### Records
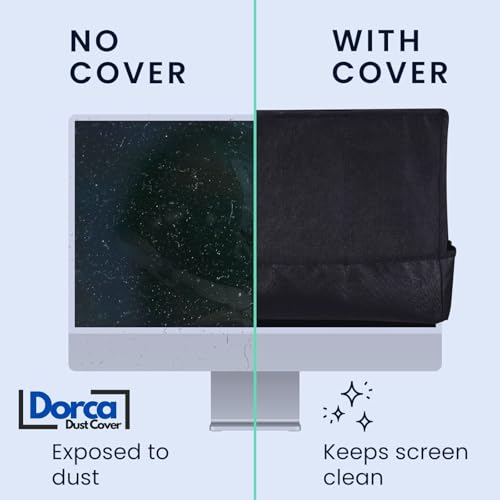 Image of Dorca Best Protective Monitor Dust Cover for BenQ EL2870U 28-inch UHD 4K HDR, Gaming Monitor - Black
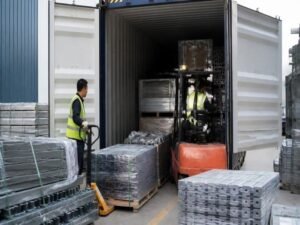 Fence products loading into shipping container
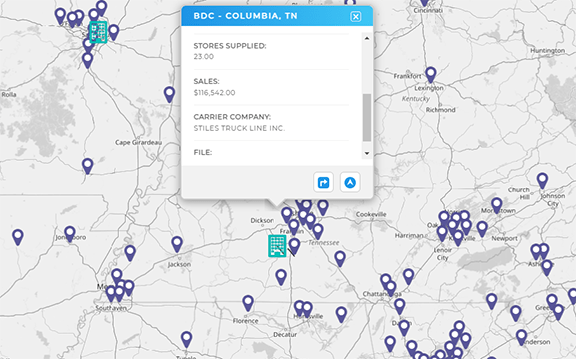 Instantly visualize your customers on a marketing map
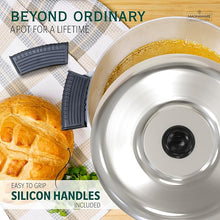 Load image into Gallery viewer, Stock Pot with Lid 10 Quarts [Online Only]
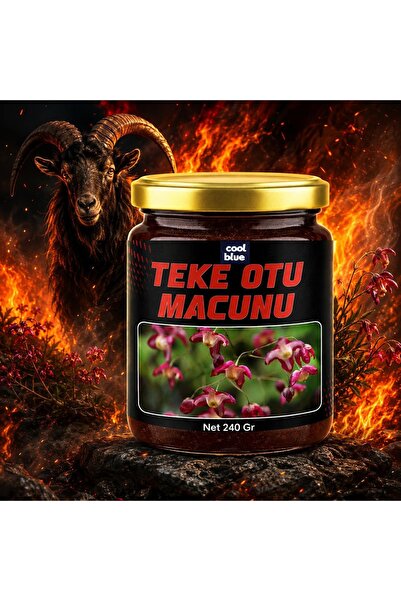 cool blue Ballı Teke Otu Macunu 240gr ( Kimyasal İçermez )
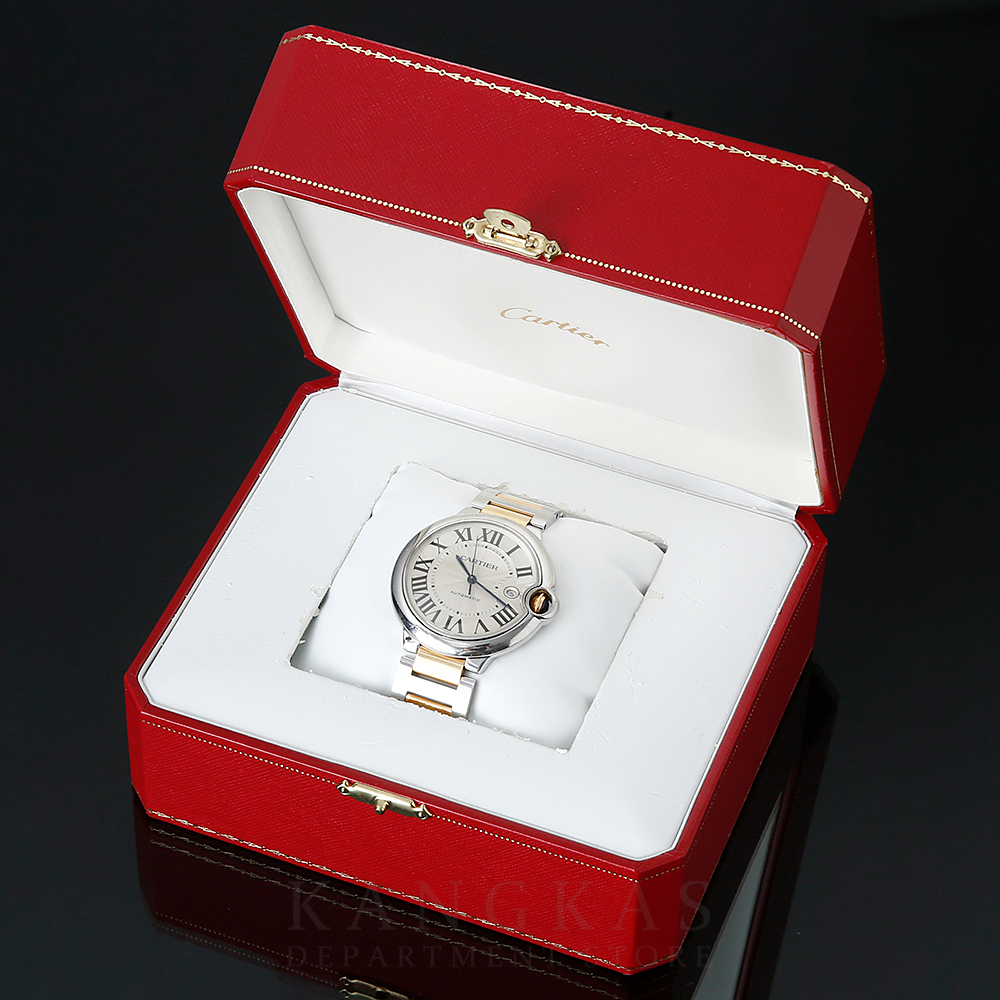 CARTIER(USED)까르띠에 발롱블루 드 까르띠에 42 콤비 워치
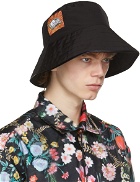 Boramy Viguier Black Twill Bucket Hat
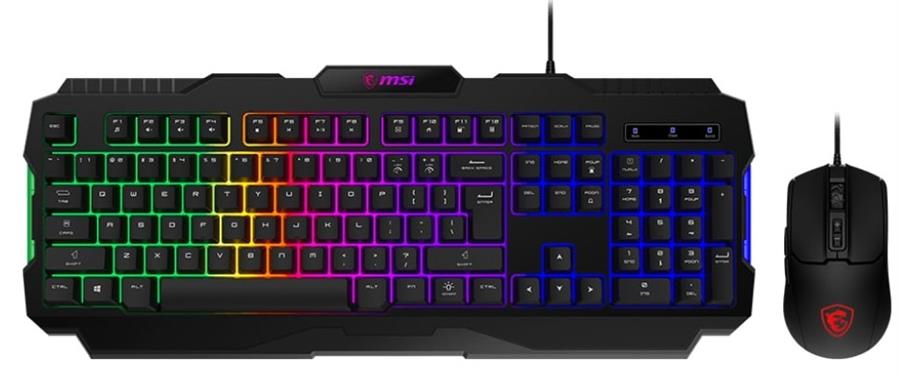 Kit Teclado y Mouse Combo MSI FORGE GK100 Membrana 100% Wired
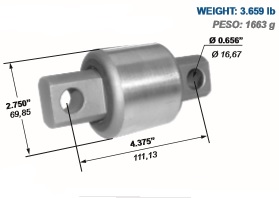 TORQUE ROD/ SWAY BAR BUSHING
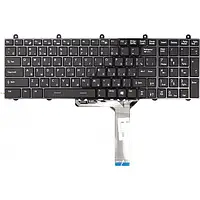 Клавіатура для ноутбука PowerPlant KB311101 Black (MSI GX60, GE60, GE70, GT60 чорний фрейм)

### Exercise requirements
A faithful copy of all the data above is required, printed exactly and with no pictures.

### Answer to this exercise
 Image of Dorca Best Protective Monitor Dust Cover for BenQ EL2870U 28-inch UHD 4K HDR, Gaming Monitor - Black
 Fence products loading into shipping container
 Instantly visualize your customers on a marketing map
 Load image into Gallery viewer, Stock Pot with Lid 10 Quarts [Online Only]
 cool blue Ballı Teke Otu Macunu 240gr ( Kimyasal İçermez )
 CARTIER(USED)까르띠에 발롱블루 드 까르띠에 42 콤비 워치
 Boramy Viguier Black Twill Bucket Hat
 Kit Teclado y Mouse Combo MSI FORGE GK100 Membrana 100% Wired
 TORQUE ROD/ SWAY BAR BUSHING
 Клавіатура для ноутбука PowerPlant KB311101 Black (MSI GX60, GE60, GE70, GT60 чорний фрейм)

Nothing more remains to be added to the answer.